Virus infection may induce excessive interferon (IFN) responses that can lead to host tissue injury or even death. β-arrestin 2 regulates multiple cellular events through the G protein-coupled receptor (GPCR) signaling pathways. Here we demonstrate that β-arrestin 2 also promotes virus-induced production of IFN-β and clearance of viruses in macrophages. β-arrestin 2 interacts with cyclic GMP-AMP synthase (cGAS) and increases the binding of dsDNA to cGAS to enhance cyclic GMP-AMP (cGAMP) production and the downstream stimulator of interferon genes (STING) and innate immune responses. Mechanistically, deacetylation of β-arrestin 2 at Lys171 facilitates the activation of the cGAS–STING signaling and the production of IFN-β. In vitro, viral infection induces the degradation of β-arrestin 2 to facilitate immune evasion, while a β-blocker, carvedilol, rescues β-arrestin 2 expression to maintain the antiviral immune response.
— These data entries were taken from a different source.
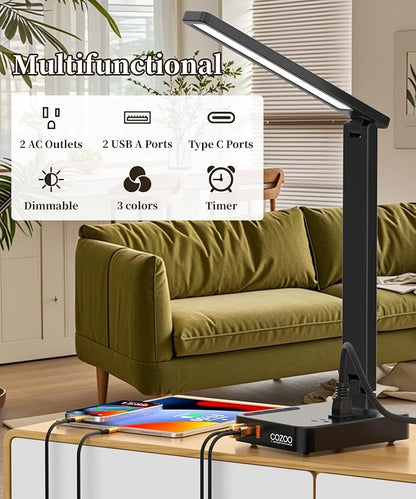 COZOO LED Desk Lamp with 3 USB Charging Ports,2 AC Outlet,3 Color Modes 3 Brightness Levels,Touch/Memory/Timer Function,Eye-Caring Home Office Foldable Natural Light Task Lamp for Reading,Study,Crafts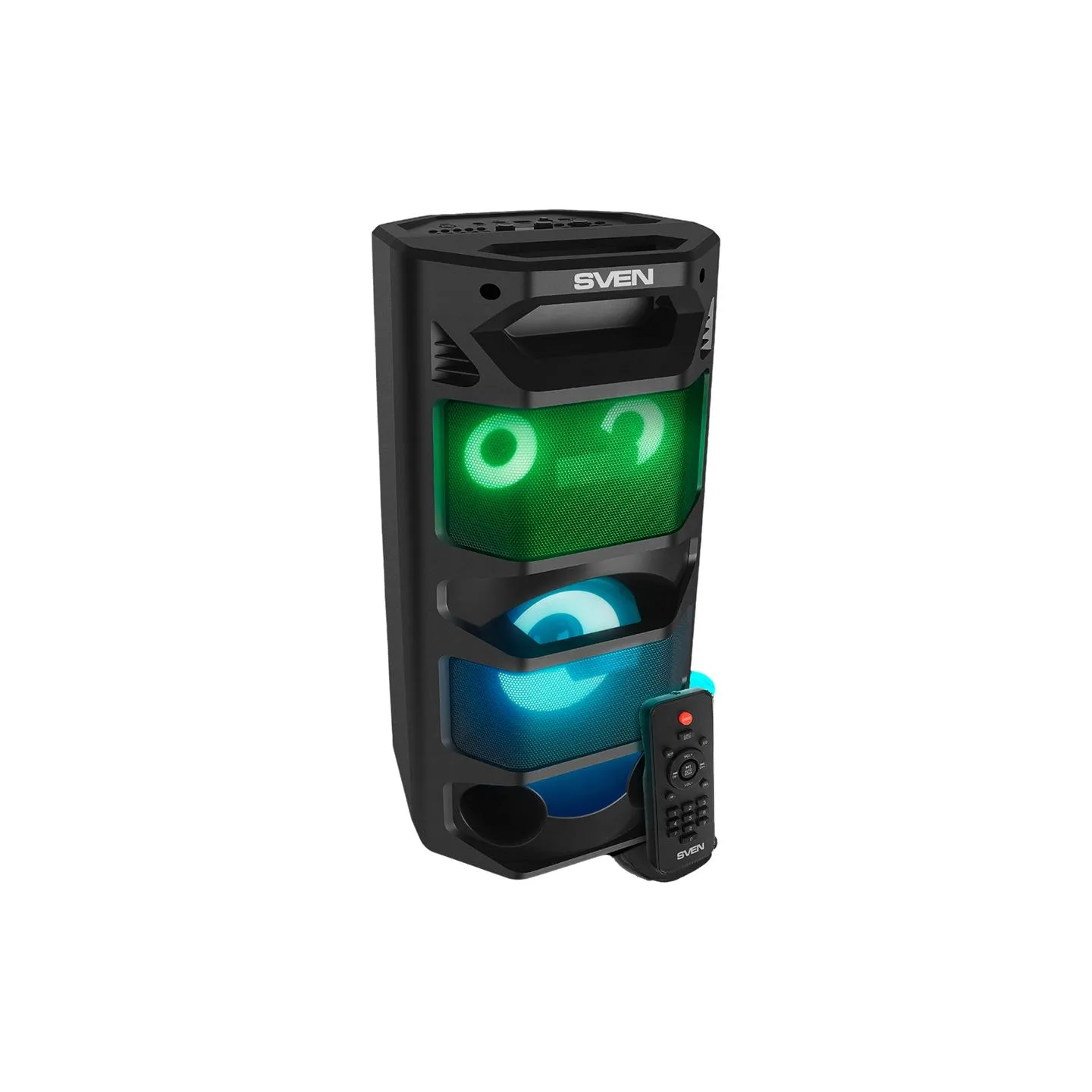 Sven 2.0 portable speaker SVEN PS-670, black, power output 2x32.5W (RMS), TWS, Bluetooth, FM, USB, microSD, LED-display, RC, lit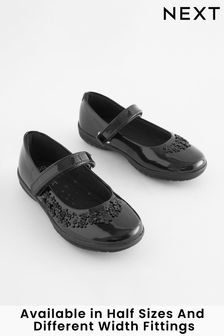 Black Patent Narrow Fit (E) School Flower Mary Jane Shoes (849010) | £24 - £30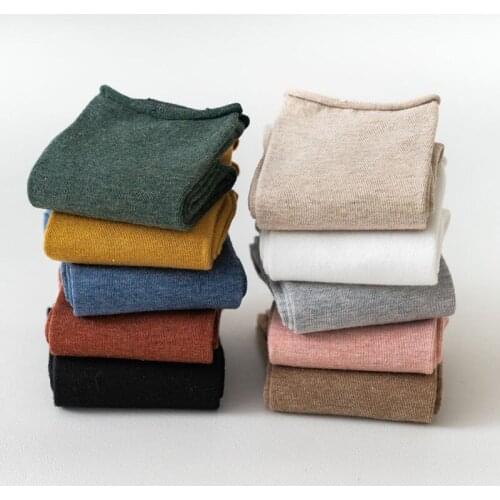 Ladies Ruffle Socks Women Loose Retro Casual Style Solid Color Harajuku Cotton Long Socks Female Pink Sox Korea Calcetas Largas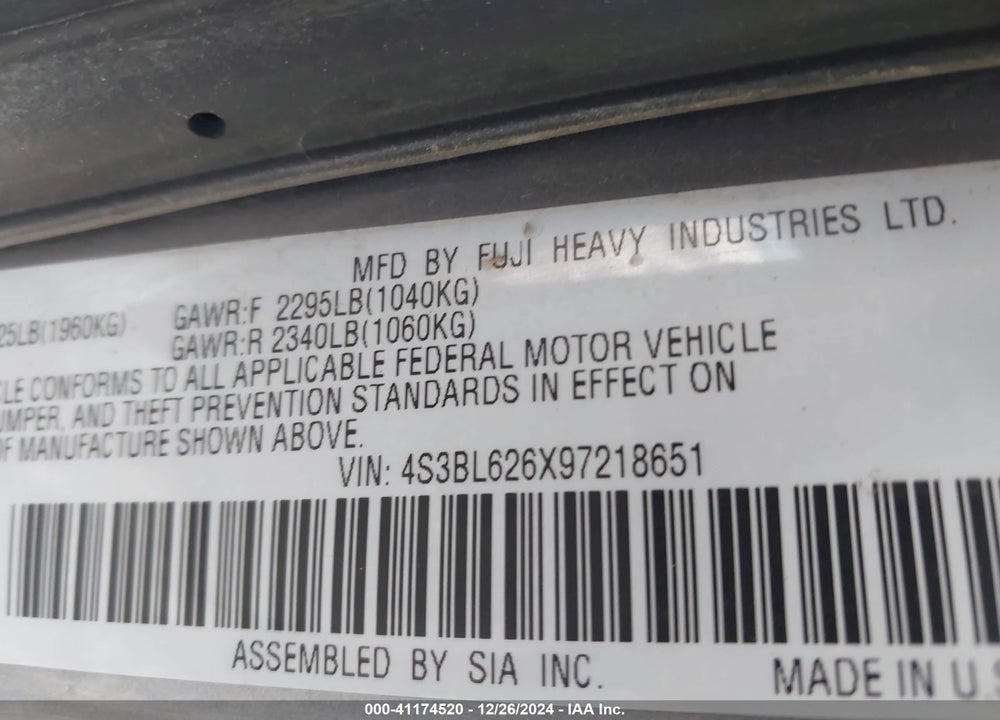 2009 SUBARU LEGACY 2.5I LIMITED VIN: 4S3BL626X97218651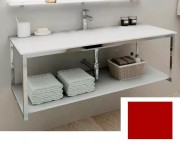 Консоль для раковины Marsan Quadro 110х50 см нержавеющая сталь/стекло кармин Quadro110х50carmine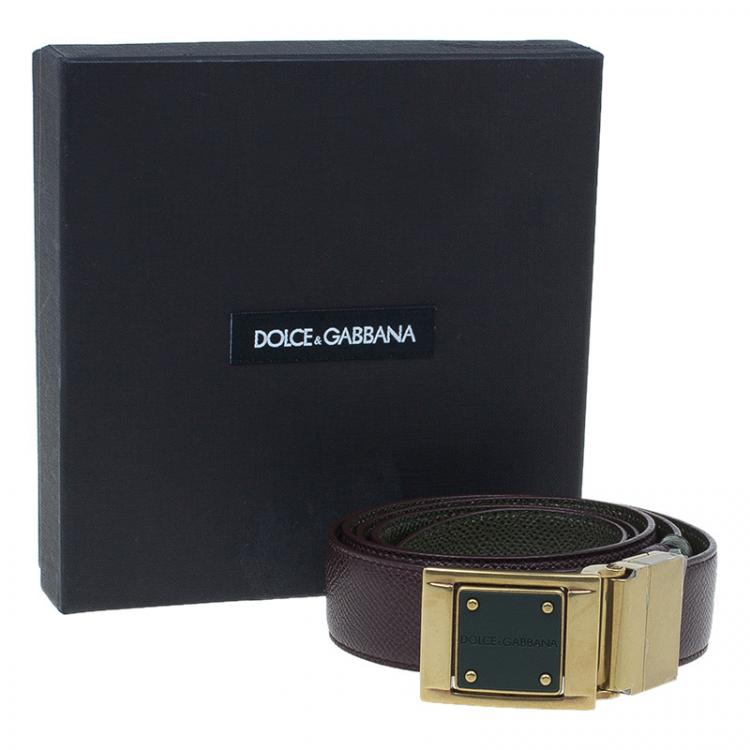 Pre Owned Dolce and Gabbana Burgundy and Green Logo Plaque Reversible Belt 110CM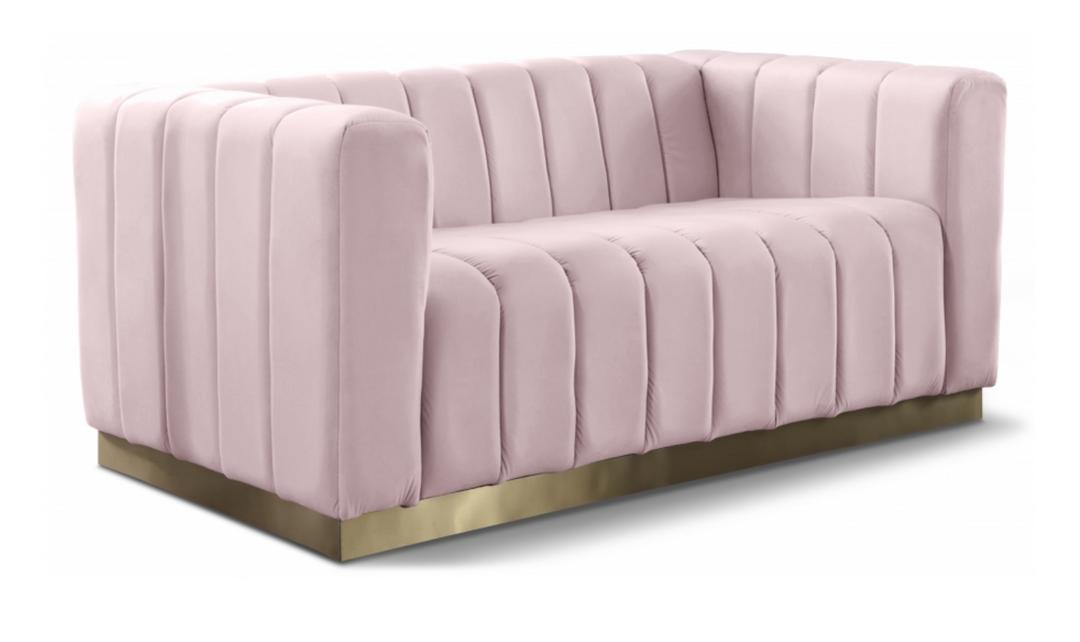 Meridian Furniture Marlon 2-Seater Velvet Tufted Loveseat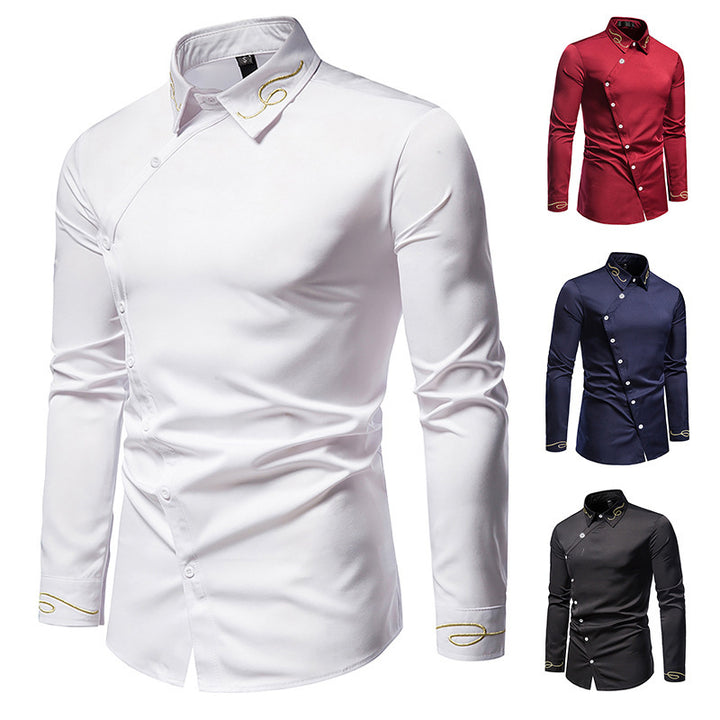 Men's Elegant Long Sleeve Shirt with Decorative Button Details Lisslune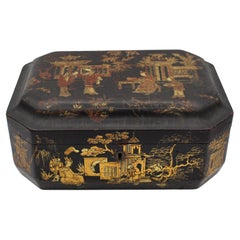 Chinese Export Lacquered Wooden Box with Chinoiserie Panels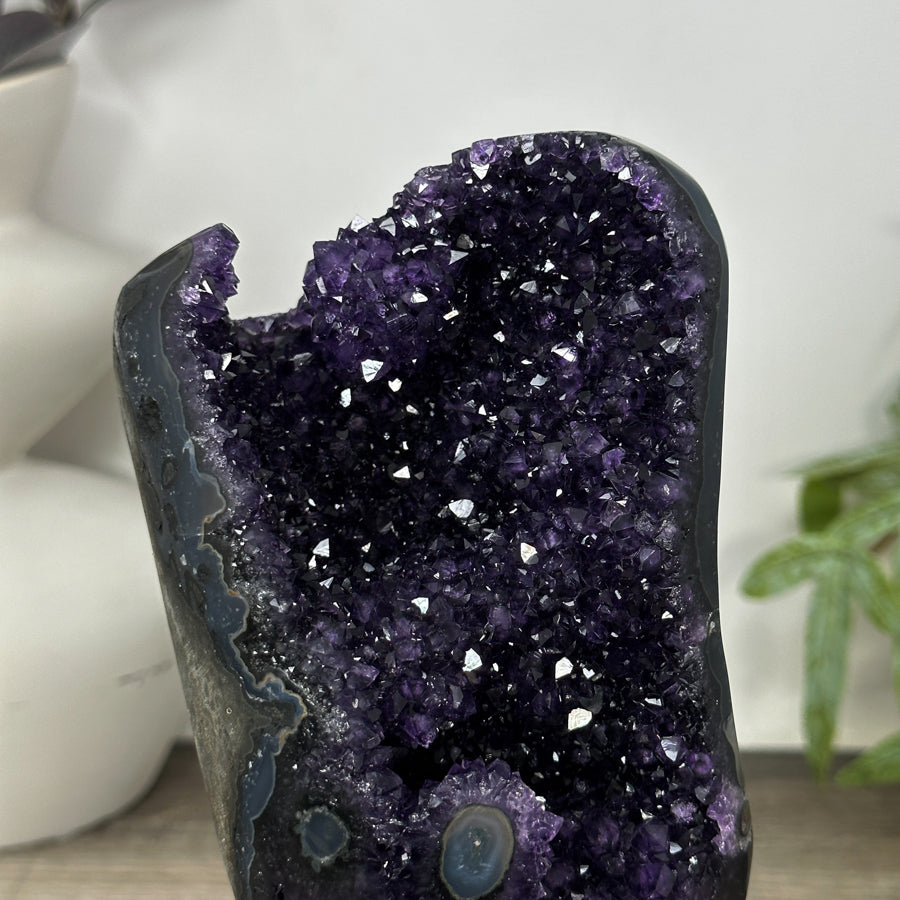 Natural Agate &amp; Amethyst Geode on Metal Stand - MWS3180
Our results thus identify a viral immune-evasion pathway via the degradation of β-arrestin 2, and also hint that carvedilol, approved for treating heart failure, can potentially be repurposed as an antiviral drug candidate.

Suggested Citation

  • Yihua Zhang & Manman Li & Liuyan Li & Gui Qian & Yu Wang & Zijuan Chen & Jing Liu & Chao Fang & Feng Huang & Daqiao Guo & Quanming Zou & Yiwei Chu & Dapeng Yan, 2020. "β-arrestin 2 as an activator of cGAS-STING signaling and target of viral immune evasion," Nature Communications, Nature, vol. 11(1), pages 1-15, December.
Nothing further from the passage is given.